Il loro equilibrio viene però stravolto quando, durante una tempesta, il nuovo progetto di Theo crolla, mentre il ristorante di Ivy, al contempo, viene scoperto da una nota critica culinaria, diventando famoso. I due coniugi si ritrovano così con i ruoli invertiti: Theo ha perso il lavoro e ogni possibile cliente, restando a casa con i bambini, mentre la carriera di Ivy decolla, tenendola sempre più lontana da casa.

Negli anni che seguono, entrambi iniziano a provare rancore nei confronti dell’altro: Theo è geloso del successo della moglie, e Ivy crede che il marito le abbia rubato le esperienze che avrebbe voluto vivere con i figli. La coppia esplode durante una cena con amici per inaugurare la nuova casa, progettata da Theo e finanziata da Ivy, cosa che li porterà a divorziare.

Il loro divorzio ruota attorno alla contesa della casa, sfociando in una vera e propria guerra fatta di dispetti e tentativi di sabotaggio delle rispettive carriere, nella speranza che l’altro ceda.

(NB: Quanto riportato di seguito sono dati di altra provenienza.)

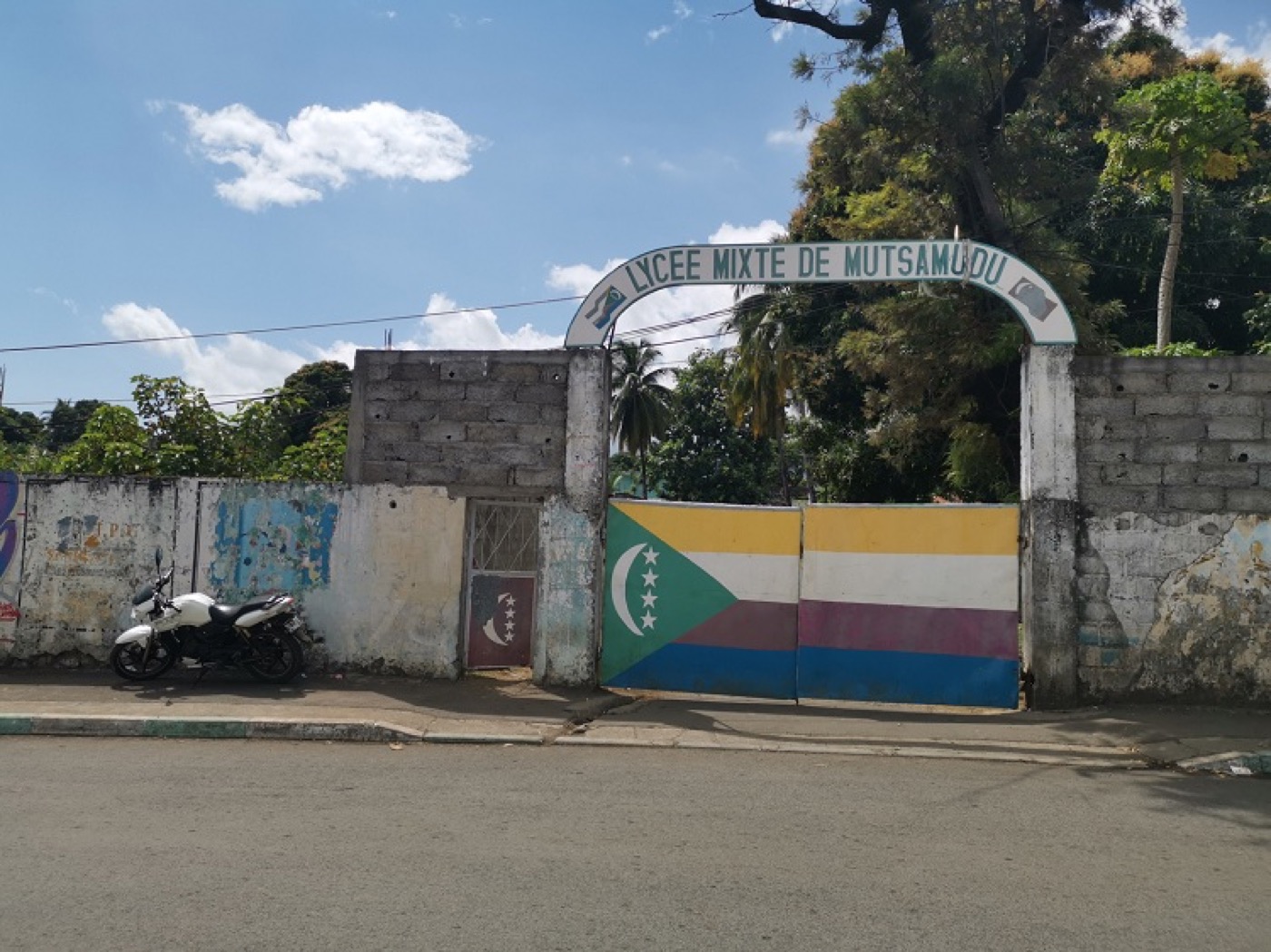 Portail du Lycée Mixte de Mutsamudu aux couleurs des Comores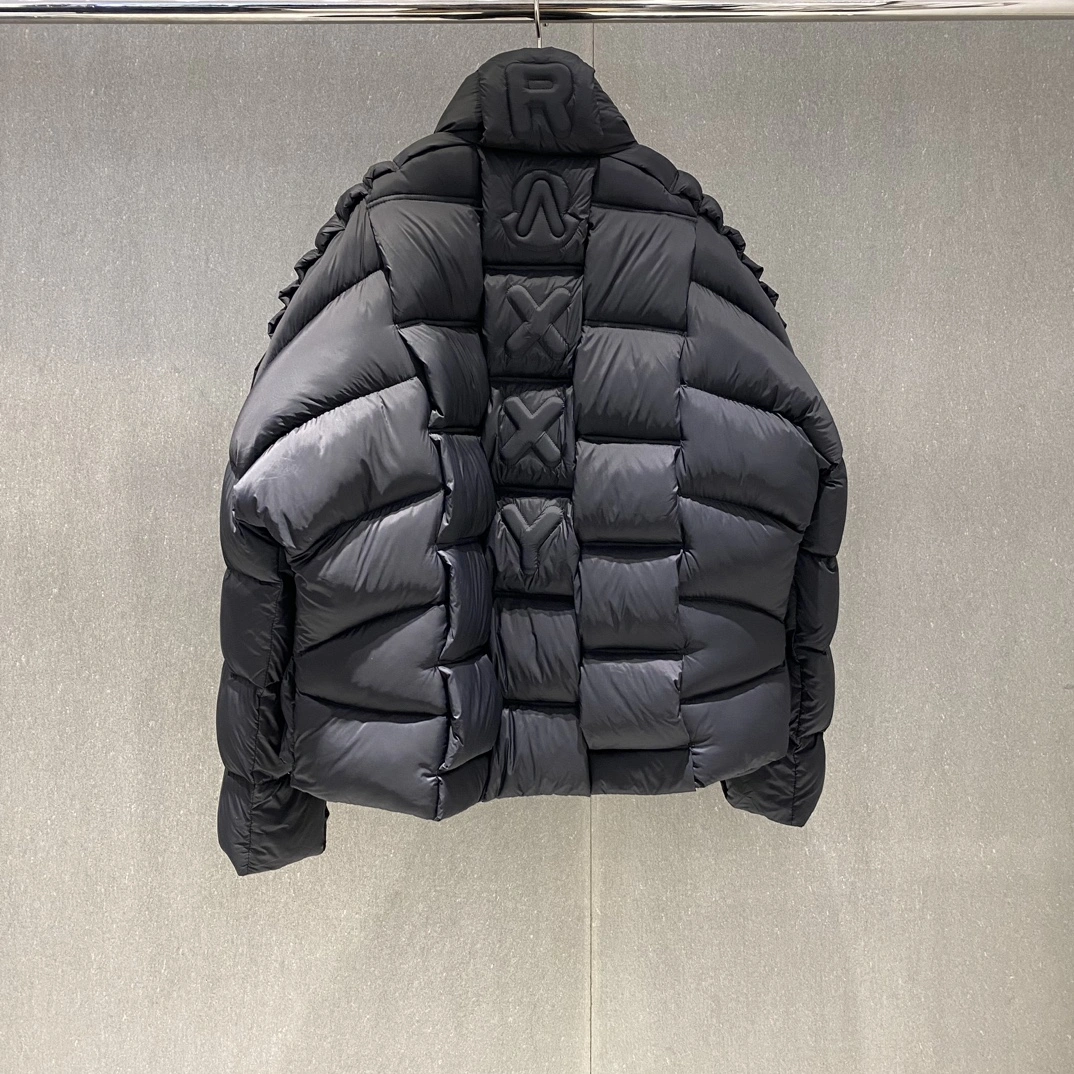 Sustainable Moncler Down Jackets 146262
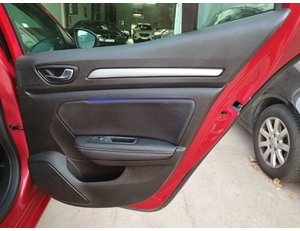 
										RENAULT MEGANE ZEN TCE GPF 103 KW 140CV EDC 18 full									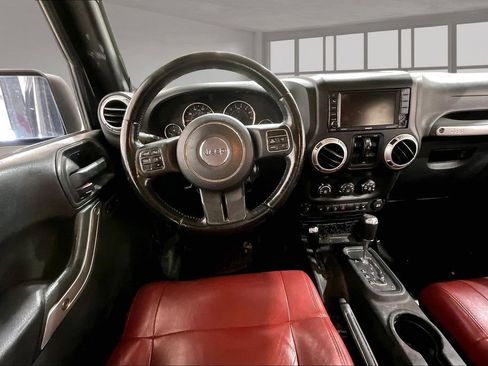 Used 2012 Jeep Wrangler Unlimited Sahara w/ Dual Top Group AWD/4WD image 5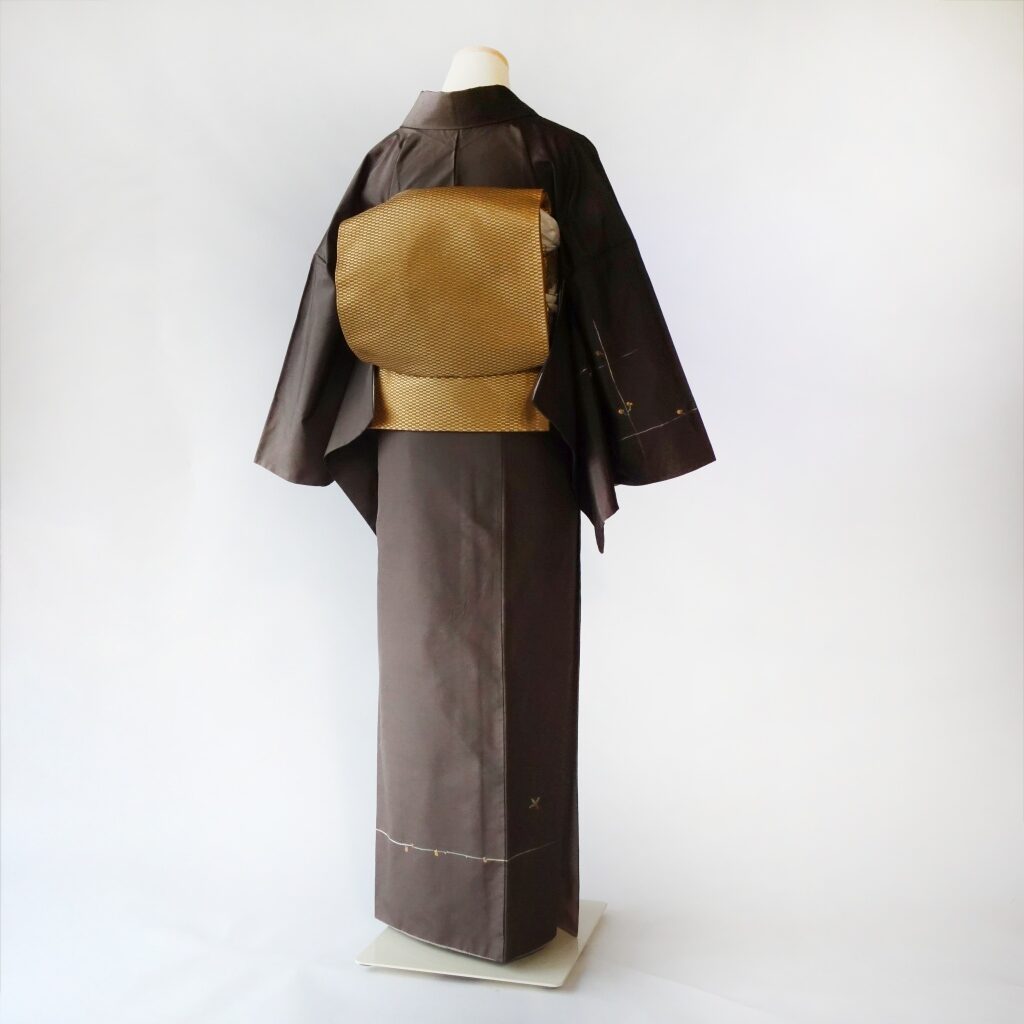 着物リメイク/波と桜の振袖からのKIMONOマント制作　スタイリング着物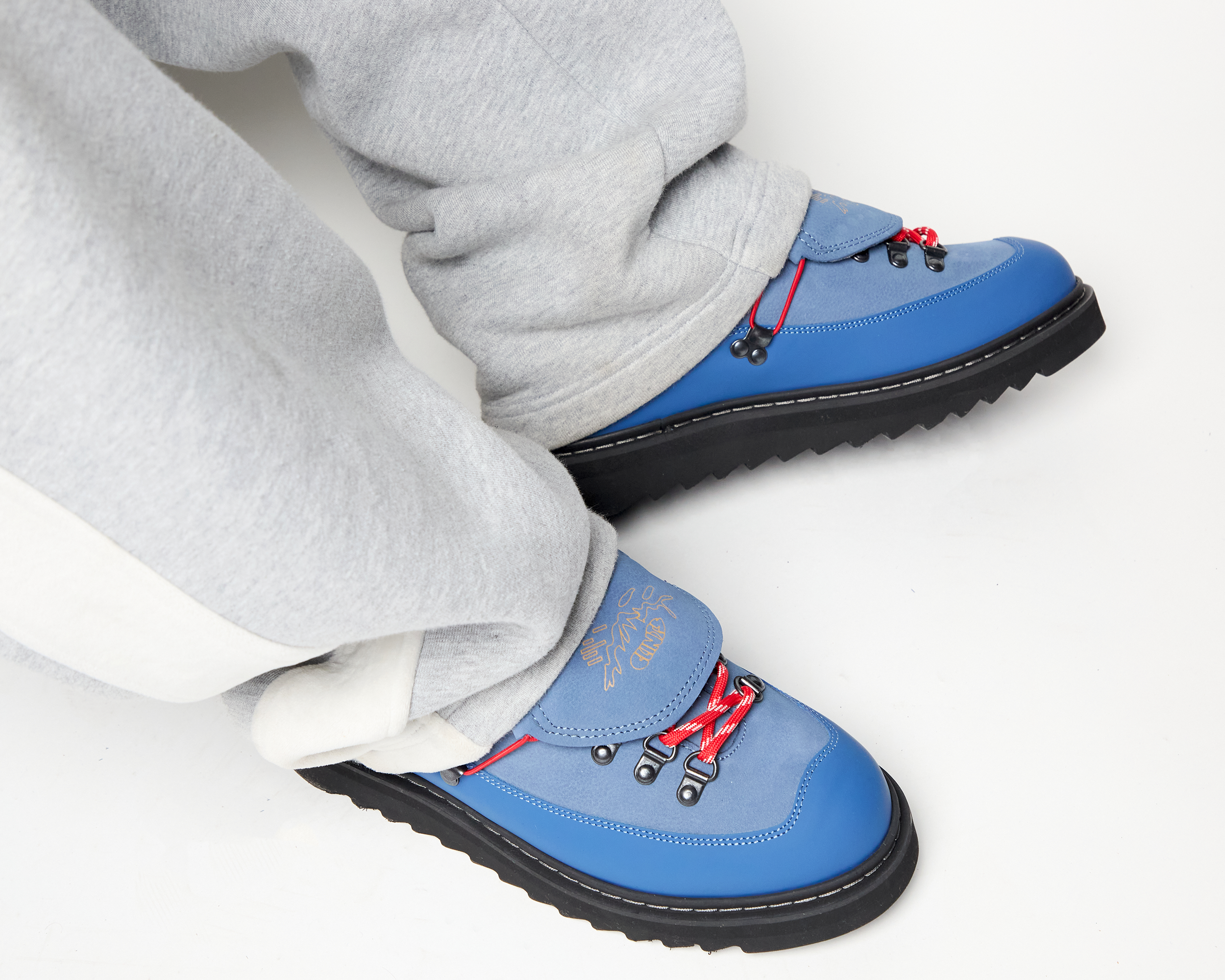 Clints Hikes - Slate Blue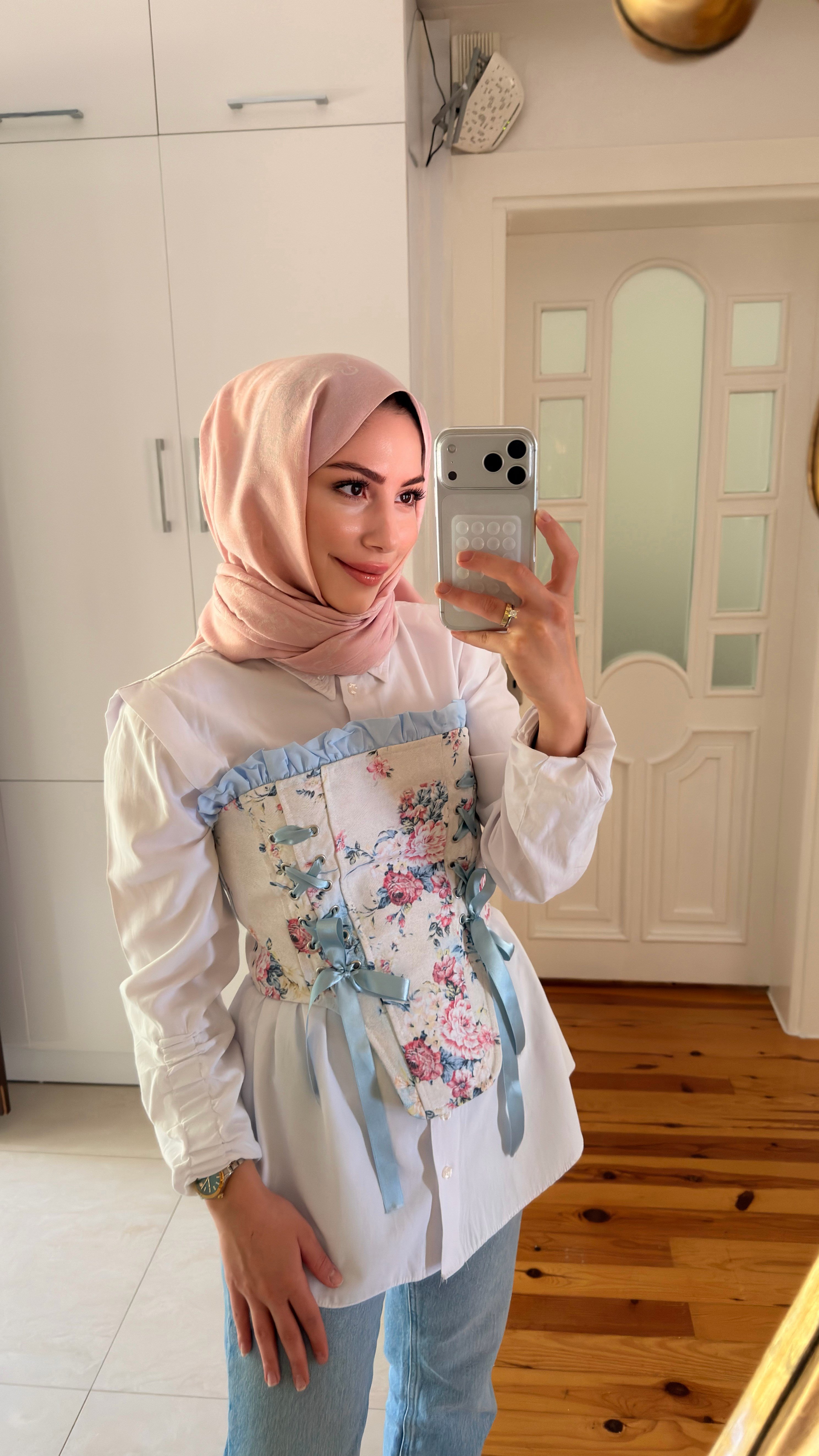 Bloom Korse I Çok renkli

Le differenze tra I Roses e La guerra dei Roses

Al 1989 risale la prima trasposizione cinematografica, La guerra dei Roses, diretta da Danny De Vito e con protagonisti Michael Douglas e Kathleen Turner. Pur avendo la stessa trama di base, i due film presentano alcune differenze sostanziali, a partire dai nomi: nel film del 1989, infatti, i due coniugi si chiamano Oliver e Barbara. I loro ruoli sono invertiti: ne I Roses, Ivy è la persona di successo e Theo si occupa della casa e dei figli, mentre nel primo film era Oliver a passare molto tempo fuori casa per lavoro e Barbara a occuparsi di tutto il resto.

Anche l’ambientazione presenta delle differenze: il film di quest’anno introduce una rivisitazione moderna della storia, con tecnologia all’avanguardia, sfruttata anche all’interno della tanto contesa casa, in netto contrasto con la scenografia anni ’80 del primo film.

Il filo conduttore resta comunque la disputa per la casa e tutte le angherie che i due protagonisti mettono in atto per ottenerla.

Una realtà che affligge molte famiglie

I Roses tocca un tema molto attuale, nonostante l’opera originale risalga a più di quarant’anni fa: divorzi difficili in cui marito e moglie si fanno dispetti a scapito del benessere familiare. È un fenomeno che accade sempre più spesso, lasciando dietro di sé solo traumi per le persone coinvolte, principalmente per i figli delle coppie interessate.

È proprio questo che lo rende una dark comedy: dietro il suo tentativo di rendere esagerate e quasi comiche certe dinamiche tra gli sposi, il film affronta un argomento ben più cupo: una battaglia di odio e risentimento tra due persone che un tempo si amavano.